Shanghai Composite Sticks to 2,800 Like Glue as Stocks Halt Drop

Asian Stocks: Are the Bulls Back?
  • Chinese stock benchmark recovers key level in late trading
  • Commodity producers advance, while airlines fall on crude gain

China’s stocks halted a two-day slide as a late-day rebound pushed the benchmark index back above the key 2,800 level.

The Shanghai Composite Index rose 0.3 percent at the close, led by commodity producers. The stocks gauge slid below 2,800 intraday before recovering in the last 15 minutes of trading in a recurring pattern that has led to speculation state funds are shoring up the market at that level. Energy shares such as China Petroleum & Chemical Corp. gained after Brent crude traded above $50 for the first time in six months, overshadowing losses for airlines.
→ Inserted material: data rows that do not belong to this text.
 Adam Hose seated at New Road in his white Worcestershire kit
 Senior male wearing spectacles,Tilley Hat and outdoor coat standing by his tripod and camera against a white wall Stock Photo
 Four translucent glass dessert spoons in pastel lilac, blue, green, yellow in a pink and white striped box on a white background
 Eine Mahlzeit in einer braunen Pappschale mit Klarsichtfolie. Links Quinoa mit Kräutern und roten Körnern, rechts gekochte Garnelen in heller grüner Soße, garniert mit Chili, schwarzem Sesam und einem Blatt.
Sentiment toward Chinese stocks turned bearish after March’s pick up in economic indicators didn’t carry over to April and a high-profile warning by the People’s Daily about the nation’s high levels of debt damped hopes for more easing. China’s benchmark equity gauge has fallen 3.9 percent this month, extending this year’s slide to 21 percent for the worst performance among 93 global indexes tracked by Bloomberg.
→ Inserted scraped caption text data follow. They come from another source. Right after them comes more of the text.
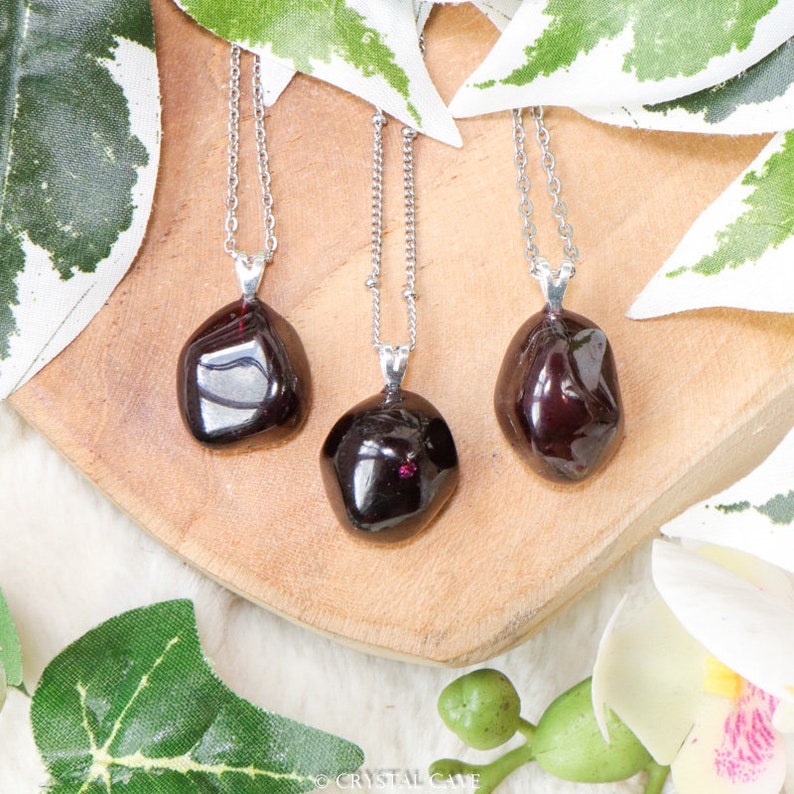 May include: Three silver necklaces with dark red gemstone pendants. The pendants are smooth and irregularly shaped, resembling small pebbles. The necklaces are displayed on a wooden surface.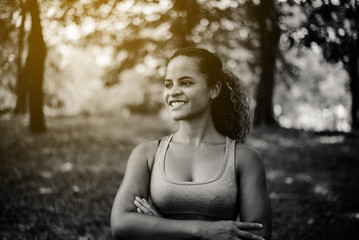 Attractive black woman smiles emotionally posing after break workout at outdoor,Positive thinking and smiling,Relax time,Black and white toned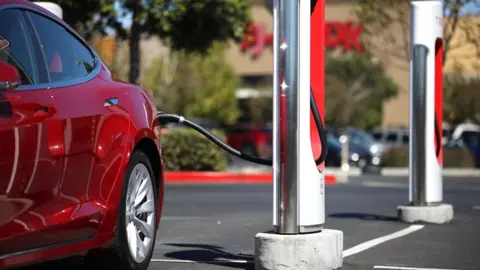 Getty Images A Tesla car sits parked at a Tesla Supercharger on September 23, 2020 in Petaluma, California.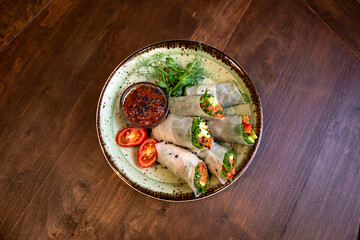 Healthy vegetable salad of fresh tomato, cucumber, onion, spinach, lettuce and sesame on plate. Diet menu.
“We are still in a long-term bearish trend,” said Francis Lun, chief executive officer at Geo Securities Ltd. in Hong Kong. “Fundamentals haven’t improved.”
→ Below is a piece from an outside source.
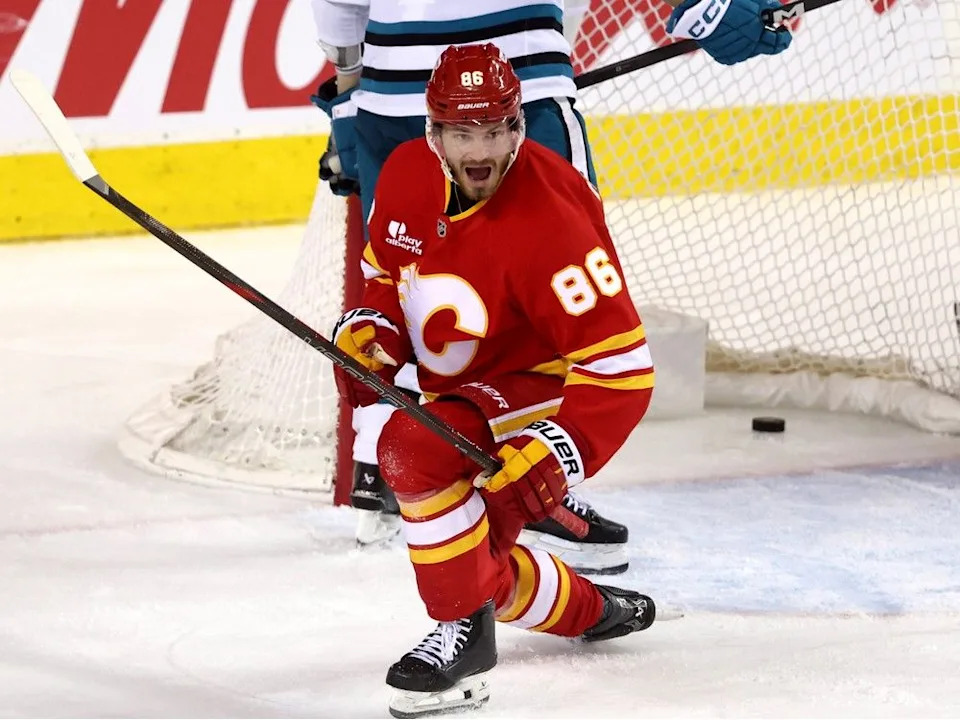  Flames forward Joel Farabee celebrates what stood up as the game-winning goal on Saturday.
The Shanghai index closed at 2,822.44, while the CSI 300 Index added 0.2 percent. The Hang Seng Index advanced 0.1 percent in Hong Kong, extending Wednesday’s 2.7 percent jump amid speculation the U.S. economy can withstand higher interest rates. The Hang Seng China Enterprises Index declined 0.1 percent.

Oil Impact

Gauges of energy and material shares in the CSI 300 climbed at least 0.9 percent to post the steepest gains among industry groups. Coal producers led the advance, with China Coal Energy Co. adding 1.9 percent. China Petroleum & Chemical, known as Sinopec, increased 0.9 percent. Energy companies were boosted as the government allowed retail fuel prices to be increased and Brent surged amid signs global oversupply will ease.

China Molybdenum Co. jumped by the daily 10 percent limit after resuming trade as the producer of niche metals sought to reassure investors that it can manage to fund the planned acquisition of overseas assets totaling more than $4 billion.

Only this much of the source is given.